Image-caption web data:
Content starts

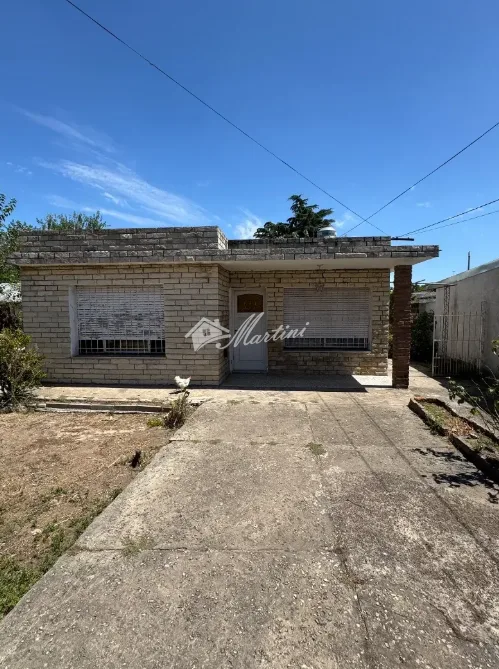 Propiedad a la venta en Jáuregui - APTA CRÉDITO
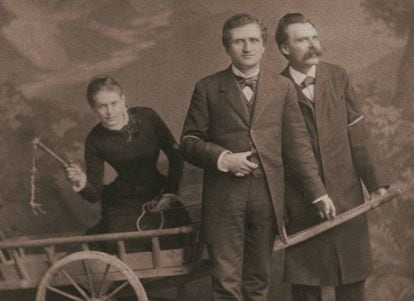 Desde la izquierda, Lou Andreas-Salomé, Paul Rée y Nietzche, en 1882.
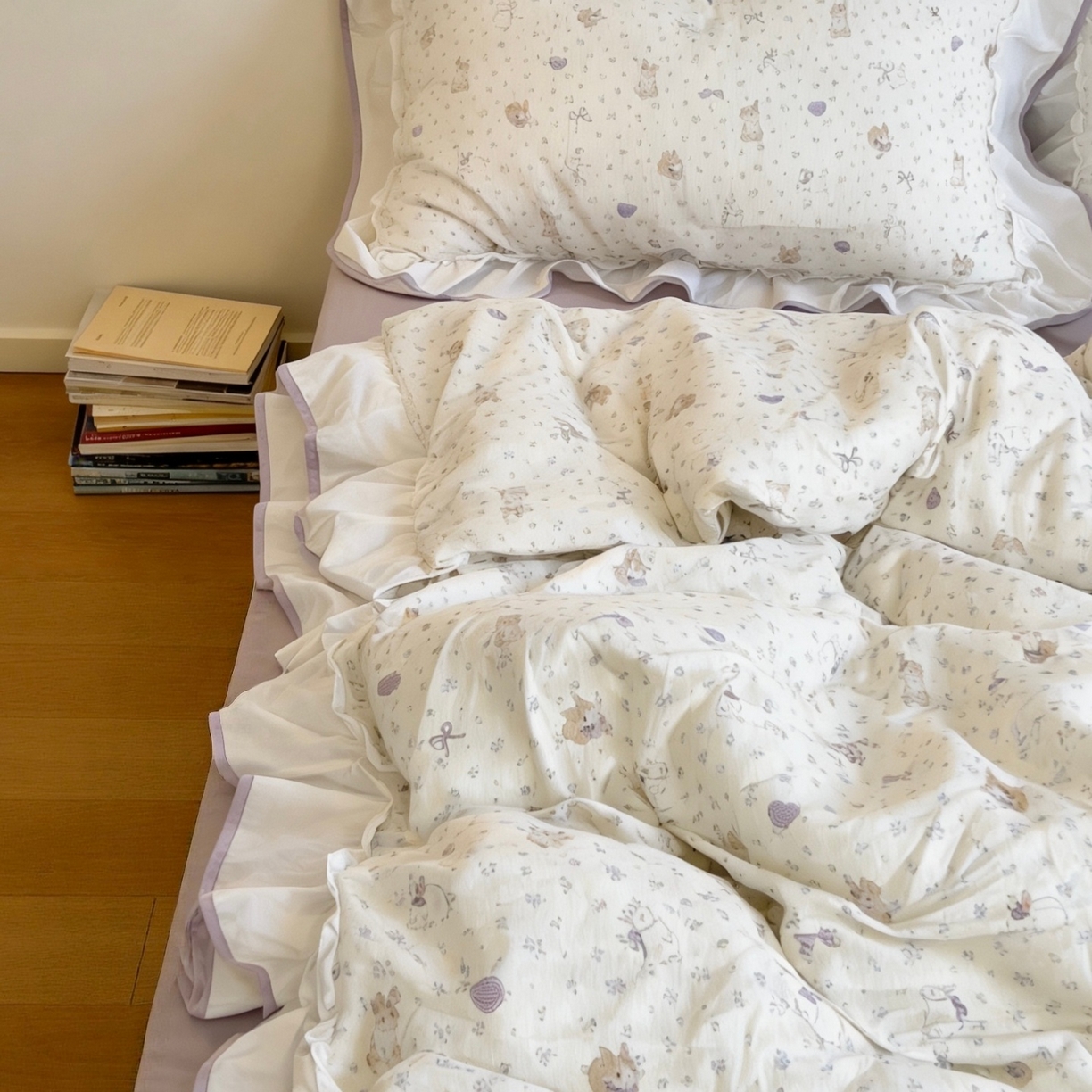 91家纺网 家纺一手货源 找家纺 荣轩家居 2026春夏新款韩式重工泡芙花边工艺款全棉纯棉双层纱四件套（铺床版） 爱丽丝午后-紫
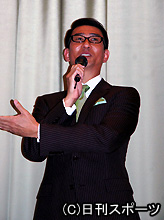 自ら製作・主演の映画「鳳凰　わが愛」の舞台あいさつをする中井貴一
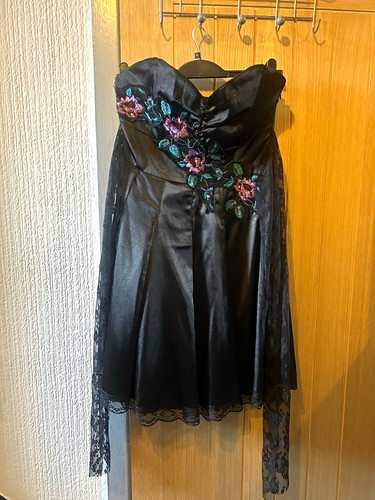 Miss posh black - posh, satin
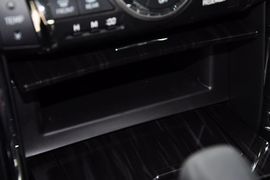 2010款丰田锐志2.5S风度菁华版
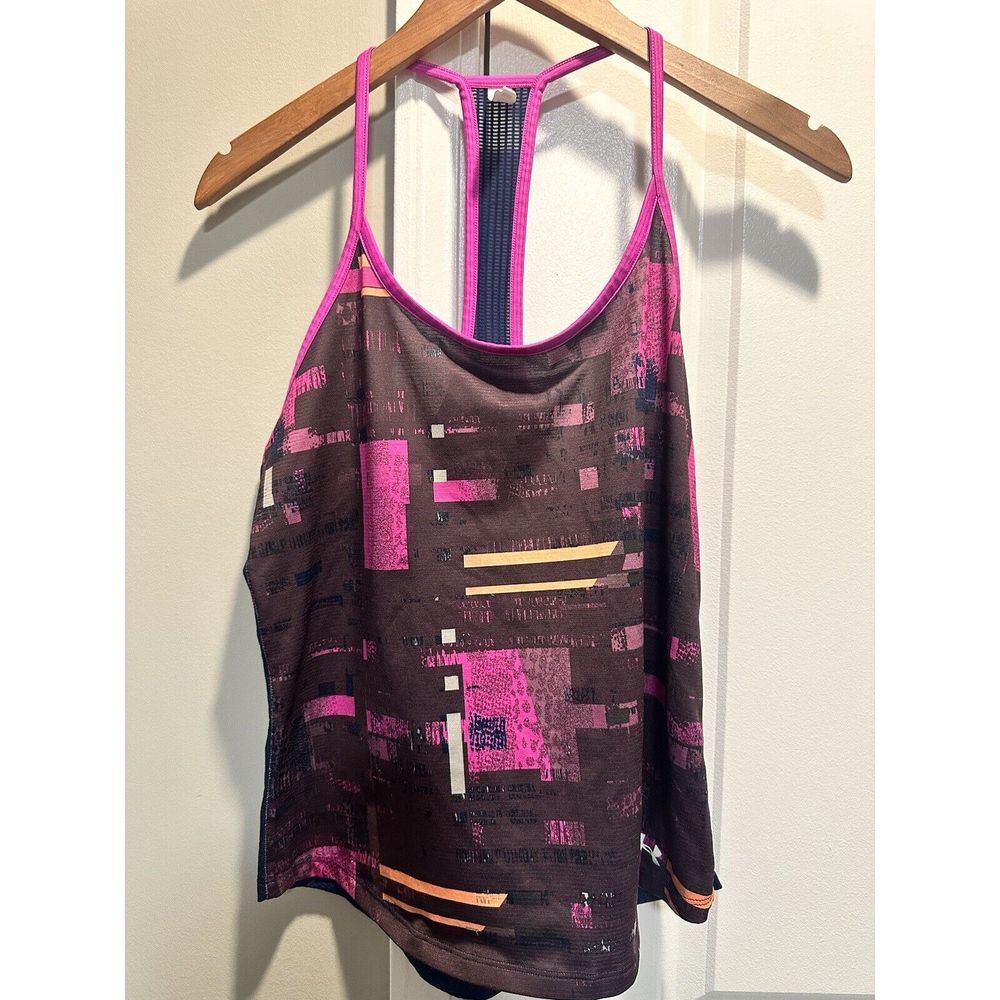 Under Armour tank‎ size medium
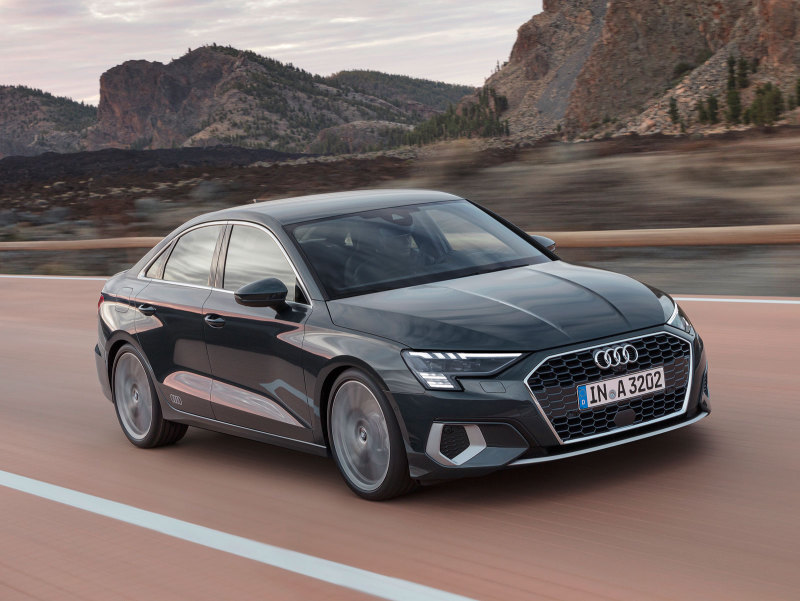 Новые Audi A3 появились у российских дилеров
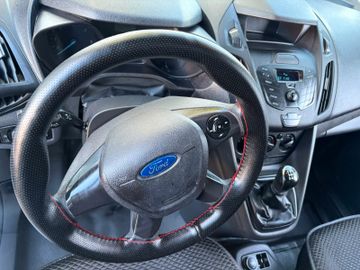 Ford Tourneo Connect - 10
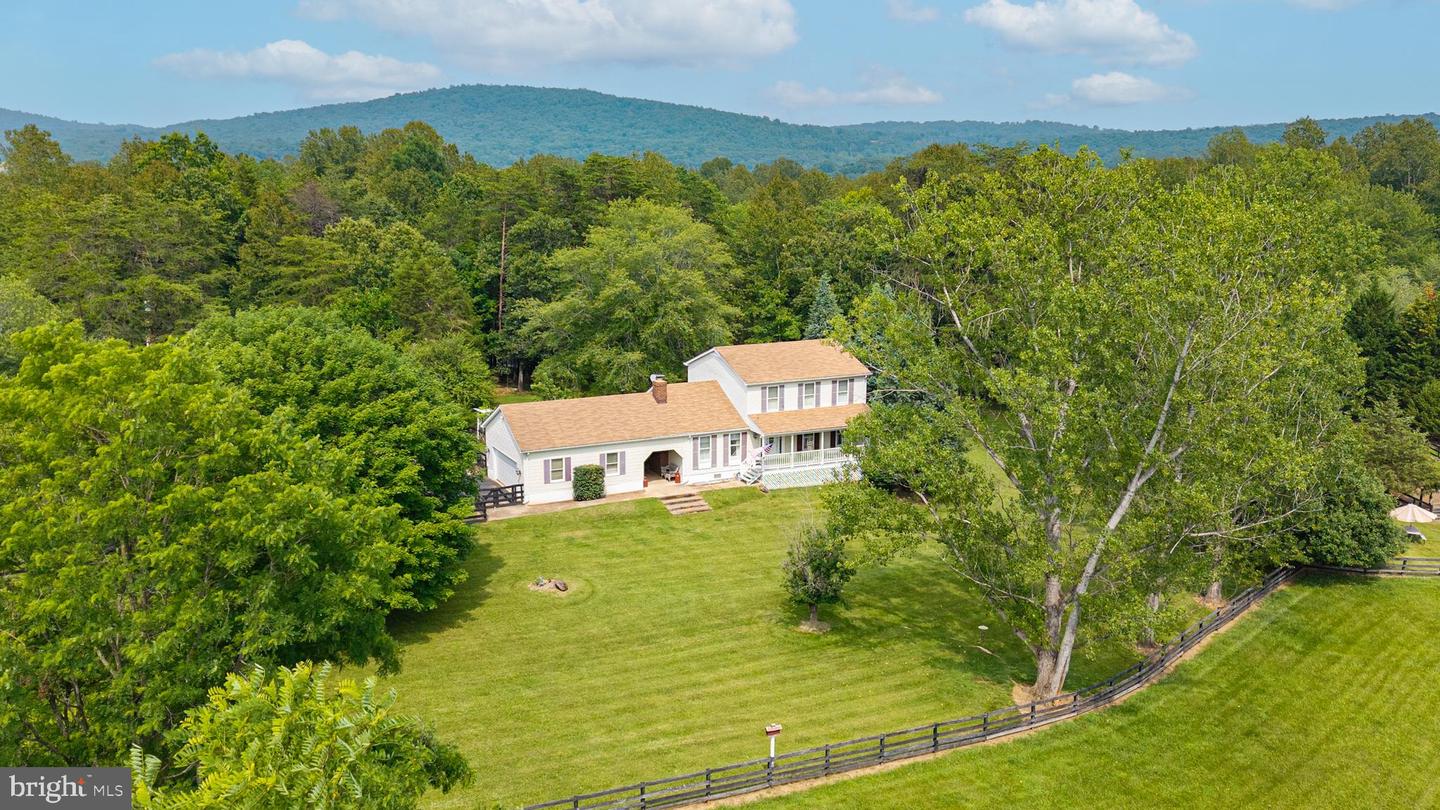 9943 CREST CT, MARSHALL, Virginia 20115, 3 Bedrooms Bedrooms, ,3 BathroomsBathrooms,Residential,For sale,9943 CREST CT,VAFQ2017218 MLS # VAFQ2017218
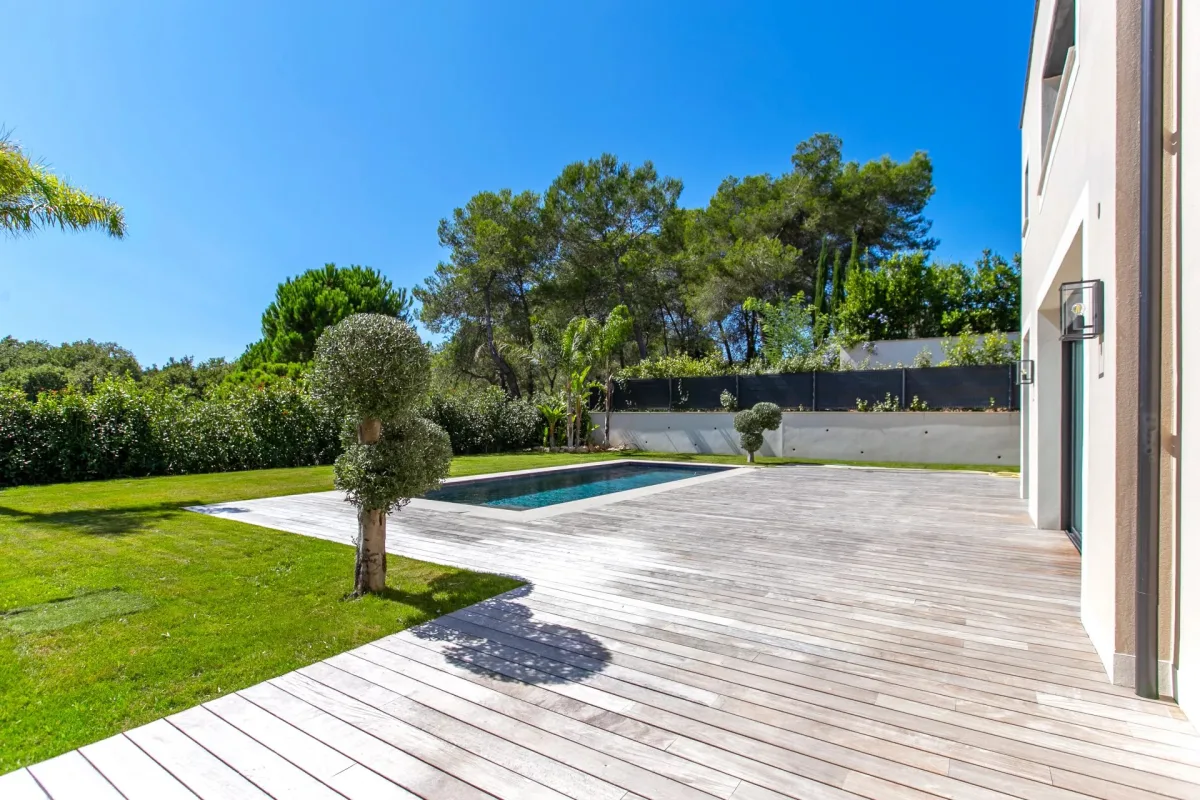 Contemporary Luxury Villa in Mouans-Sartoux, 280 sqm — 3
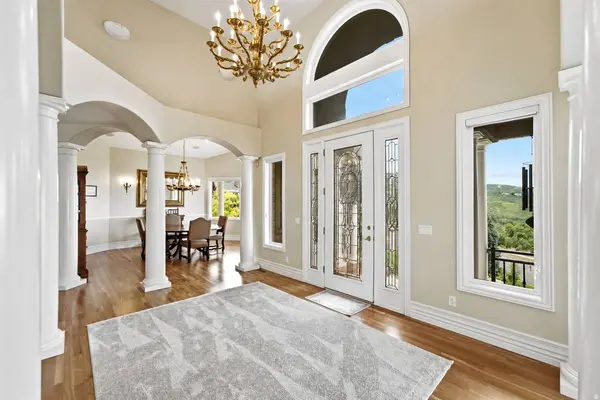 1756 S STONE HOLLOW DR, Bountiful, UT 84010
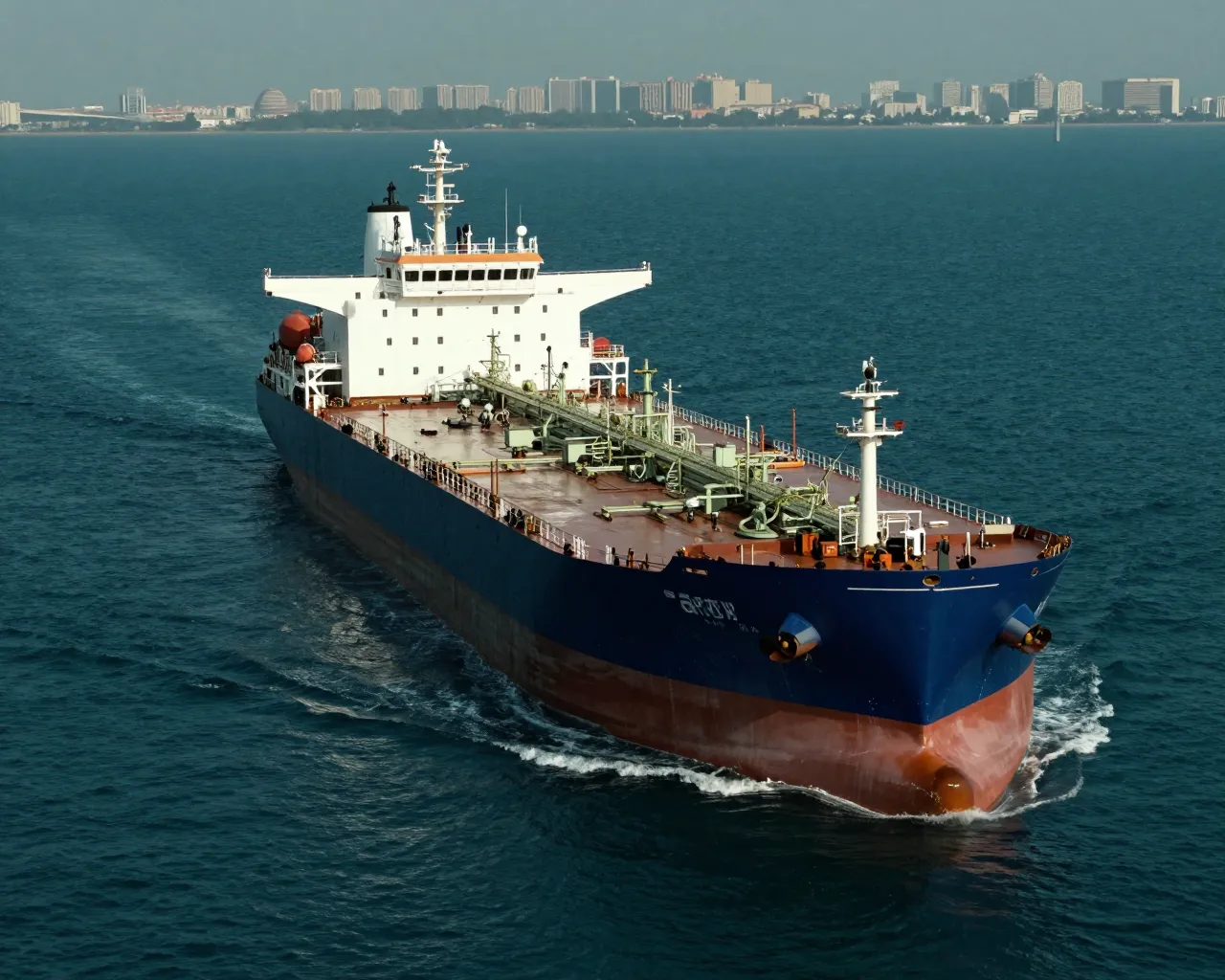 El petróleo se dispara: la doble amenaza de Ormuz y el Mar Rojo presiona el suministro global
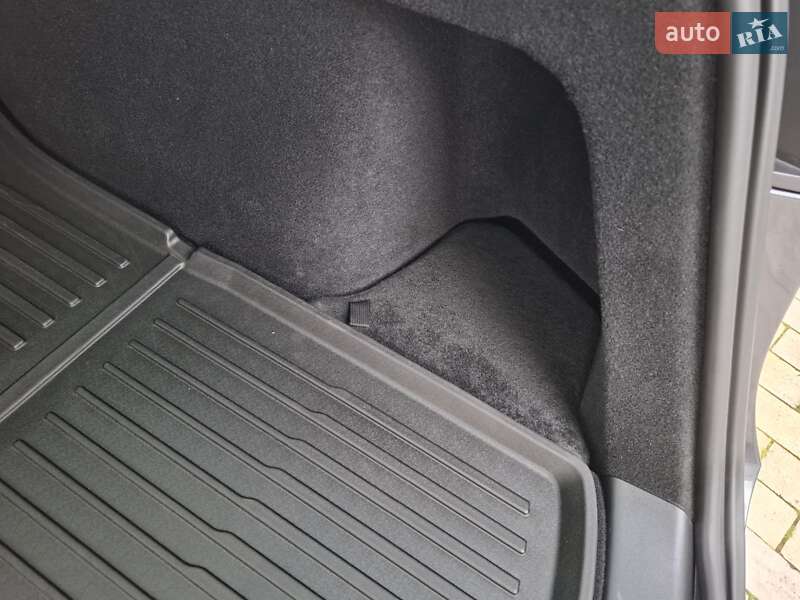 Позашляховик / Кросовер Tesla Model Y 2023 в Києві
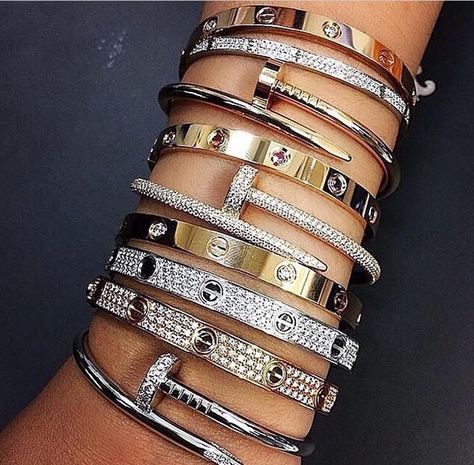 Cartier                                                                                                                                                                                 More Bangles Cartier, Jewellery Cartier, Stack Bangles, Nail Bangle, Jewelry Cartier, Bracelet Cartier, Screw Bracelet, Arm Candies, Nail Bracelet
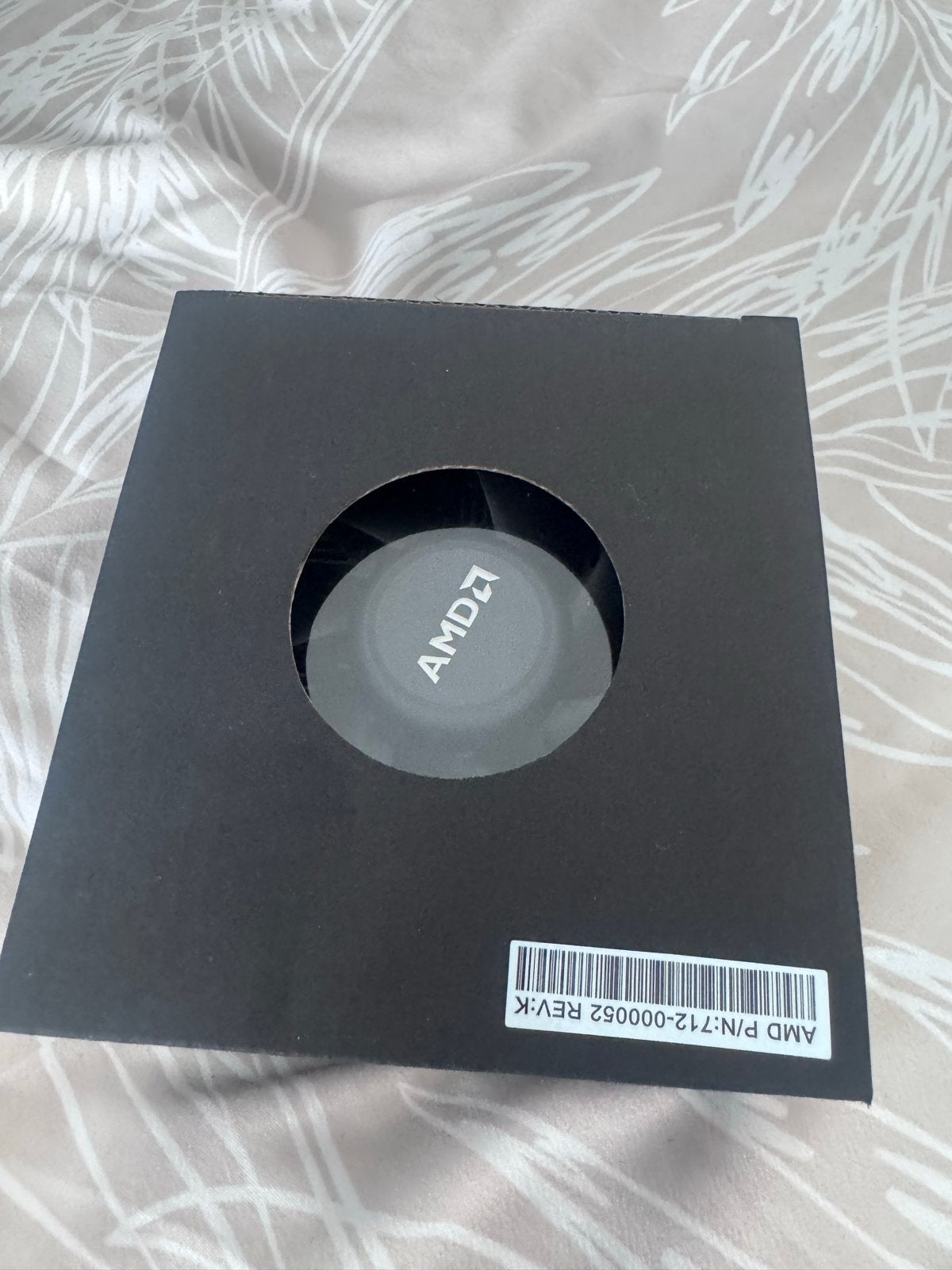 AMD Wraith Prism Koeler - Nieuw in doos, Computers en Software, Ophalen of Verzenden, Nieuw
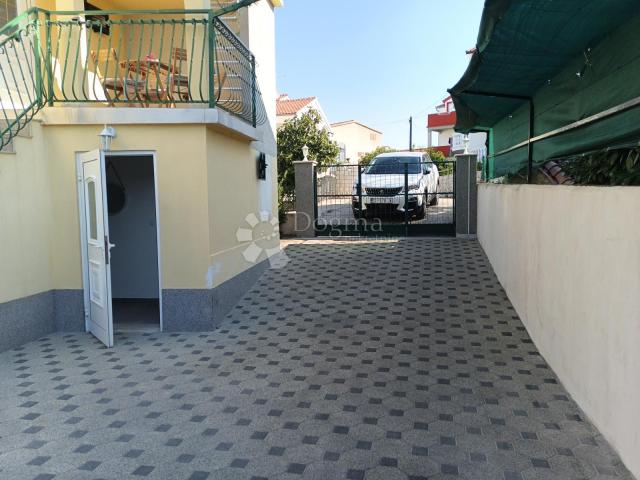 VODICE SRIMA - APARTMENT ONE STEP TO THE SEA - GROUND FLOOR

Content ends

BRIEF - Begin at the line in the entries above that has "9943 CREST CT, MARSHALL, Virginia", stop after the line that has "AMD Wraith Prism", and output exactly those lines without pictures.

RESPONSE AREA -
 9943 CREST CT, MARSHALL, Virginia 20115, 3 Bedrooms Bedrooms, ,3 BathroomsBathrooms,Residential,For sale,9943 CREST CT,VAFQ2017218 MLS # VAFQ2017218
 Contemporary Luxury Villa in Mouans-Sartoux, 280 sqm — 3
 1756 S STONE HOLLOW DR, Bountiful, UT 84010
 El petróleo se dispara: la doble amenaza de Ormuz y el Mar Rojo presiona el suministro global
 Позашляховик / Кросовер Tesla Model Y 2023 в Києві
 Cartier                                                                                                                                                                                 More Bangles Cartier, Jewellery Cartier, Stack Bangles, Nail Bangle, Jewelry Cartier, Bracelet Cartier, Screw Bracelet, Arm Candies, Nail Bracelet
 AMD Wraith Prism Koeler - Nieuw in doos, Computers en Software, Ophalen of Verzenden, Nieuw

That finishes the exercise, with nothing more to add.